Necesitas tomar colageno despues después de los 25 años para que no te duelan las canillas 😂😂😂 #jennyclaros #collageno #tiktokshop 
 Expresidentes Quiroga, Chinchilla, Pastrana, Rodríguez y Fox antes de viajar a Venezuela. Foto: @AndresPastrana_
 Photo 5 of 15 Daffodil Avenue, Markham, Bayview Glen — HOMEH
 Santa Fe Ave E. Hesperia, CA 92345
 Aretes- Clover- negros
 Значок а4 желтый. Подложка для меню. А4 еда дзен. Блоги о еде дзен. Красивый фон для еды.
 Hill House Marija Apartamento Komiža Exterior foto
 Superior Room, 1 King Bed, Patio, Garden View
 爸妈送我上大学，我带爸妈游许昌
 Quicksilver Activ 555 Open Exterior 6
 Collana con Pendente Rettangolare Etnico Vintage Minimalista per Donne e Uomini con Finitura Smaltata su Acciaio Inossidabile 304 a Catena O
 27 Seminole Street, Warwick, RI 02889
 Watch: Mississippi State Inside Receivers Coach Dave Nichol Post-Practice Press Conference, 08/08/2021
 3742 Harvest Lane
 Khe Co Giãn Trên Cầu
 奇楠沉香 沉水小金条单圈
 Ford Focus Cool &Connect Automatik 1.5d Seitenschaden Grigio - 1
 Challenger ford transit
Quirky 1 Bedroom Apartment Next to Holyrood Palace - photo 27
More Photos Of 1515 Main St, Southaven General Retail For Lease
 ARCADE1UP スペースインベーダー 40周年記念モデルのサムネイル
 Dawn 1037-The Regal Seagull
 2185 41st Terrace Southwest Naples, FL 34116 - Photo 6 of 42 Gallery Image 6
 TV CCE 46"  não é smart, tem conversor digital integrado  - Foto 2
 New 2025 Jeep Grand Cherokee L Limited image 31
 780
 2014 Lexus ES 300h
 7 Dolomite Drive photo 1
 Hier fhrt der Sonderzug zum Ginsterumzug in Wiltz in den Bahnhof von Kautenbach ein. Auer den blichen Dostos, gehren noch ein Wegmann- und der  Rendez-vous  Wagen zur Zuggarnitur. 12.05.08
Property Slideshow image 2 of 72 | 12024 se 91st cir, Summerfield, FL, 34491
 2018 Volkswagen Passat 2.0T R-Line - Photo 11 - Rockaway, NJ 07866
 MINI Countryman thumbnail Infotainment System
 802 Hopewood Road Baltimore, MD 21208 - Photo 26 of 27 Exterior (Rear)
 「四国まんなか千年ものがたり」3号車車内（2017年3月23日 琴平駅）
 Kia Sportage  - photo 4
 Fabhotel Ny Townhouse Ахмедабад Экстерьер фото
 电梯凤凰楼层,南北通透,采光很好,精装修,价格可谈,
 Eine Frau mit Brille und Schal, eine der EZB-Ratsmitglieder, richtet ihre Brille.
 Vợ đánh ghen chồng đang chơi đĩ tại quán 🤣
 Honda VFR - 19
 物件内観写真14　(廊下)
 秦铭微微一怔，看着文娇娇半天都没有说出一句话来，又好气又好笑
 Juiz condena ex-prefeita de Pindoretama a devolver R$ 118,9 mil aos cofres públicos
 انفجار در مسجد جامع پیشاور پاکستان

________________________________________

Requirement: Go through the material above and report each line containing "Exterior".

Result:
 Hill House Marija Apartamento Komiža Exterior foto
 Quicksilver Activ 555 Open Exterior 6
 802 Hopewood Road Baltimore, MD 21208 - Photo 26 of 27 Exterior (Rear)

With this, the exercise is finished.